Mas, apesar do contexto depressivo, há uma luz para a Baixa: os jovens. Na minha rua (Visconde da Luz) vejo algumas lojas às moscas, sem negócio, mas curiosamente há outras que têm sempre clientes. Estes espaços cativam mais pois são direccionadas para o publico mais novo, desde roupa calçado, acessórios de moda. Os jovens adoram variar, de gastar dinheiro em novos artigos, gostam de estar na moda. Essencialmente, a Baixa terá que passar pelos jovens, ter lojas exclusivas para esta faixa etária. Sendo uma urbe universitária, é de lamentar ser uma cidade envelhecida na oferta.
3 -Durante a noite, principalmente no verão onde bom tempo convida a passeios, vejo na minha rua e pela zona envolvente as montras com os expositores sem luz. Compreendo que numa altura de contenção se deva poupar na electricidade, mas havendo hoje lâmpadas de alto brilho e que pouca energia gastam -falo das LED-, não entendo como há lojas apagadas. Como querem os comerciantes atrair potenciais clientes, com suas montras sem luz? Aqui os lojistas têm culpa.

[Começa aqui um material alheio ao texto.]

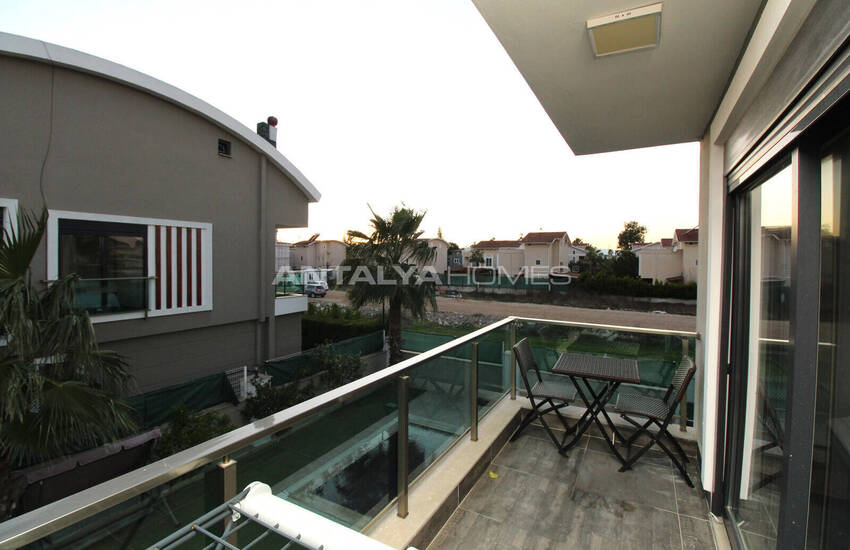 منزل من 4 غرف نوم مع ميزات عالية الجودة في أنطاليا كادري 37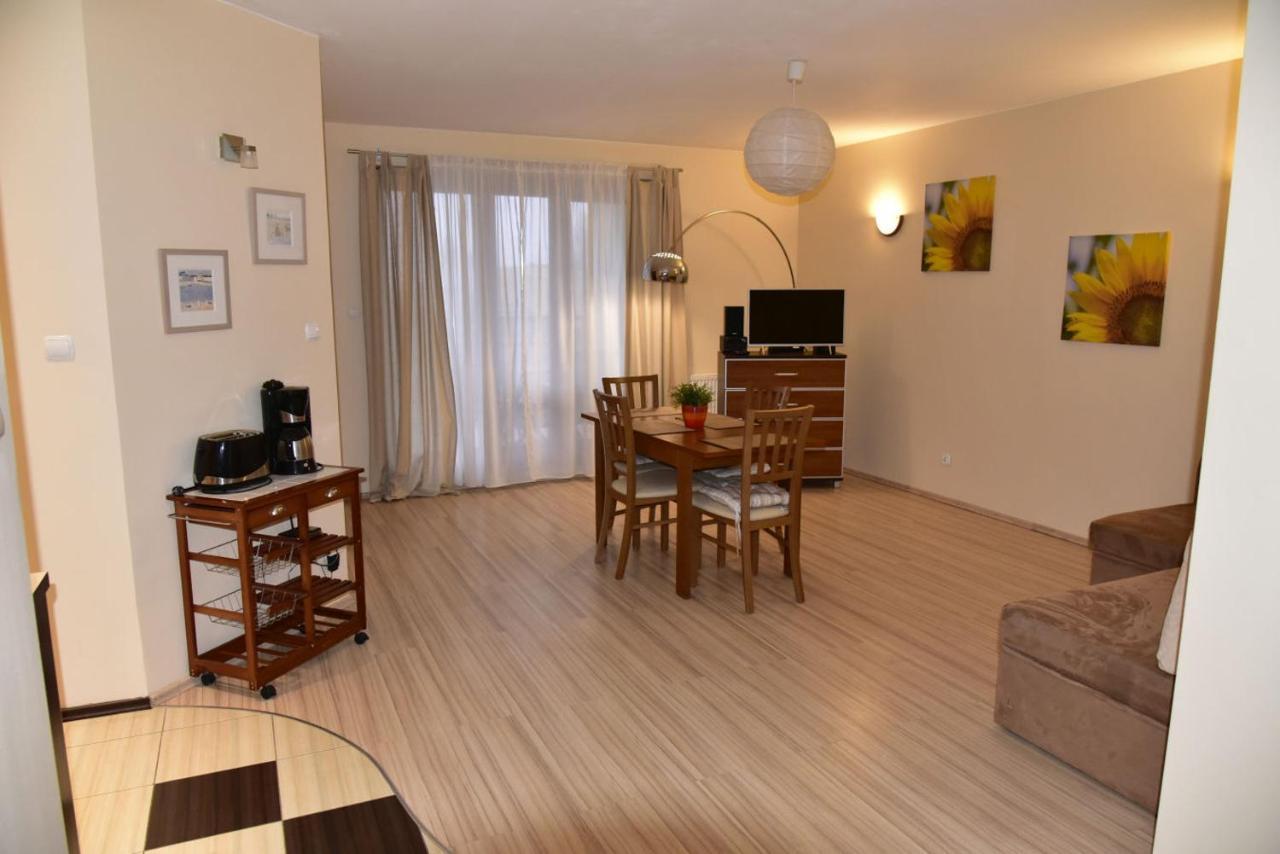 Apartament Sloneczny Brzeg ミエンジズドロイェ エクステリア 写真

Depois, para combater as grandes superfícies, porque é que não estão abertas, pelo menos no verão, até as 22h00? Há lojas na minha rua a fazê-lo. Não aceito que certos lojistas mesmo em cima das 19 horas já estejam a encerrar. Com tantas pessoas a dar o seu passeio até à meia-noite, é desolador ver a maioria dos espaços fechados, sem luz nas montras, já para não falar nos locais que não têm comércio.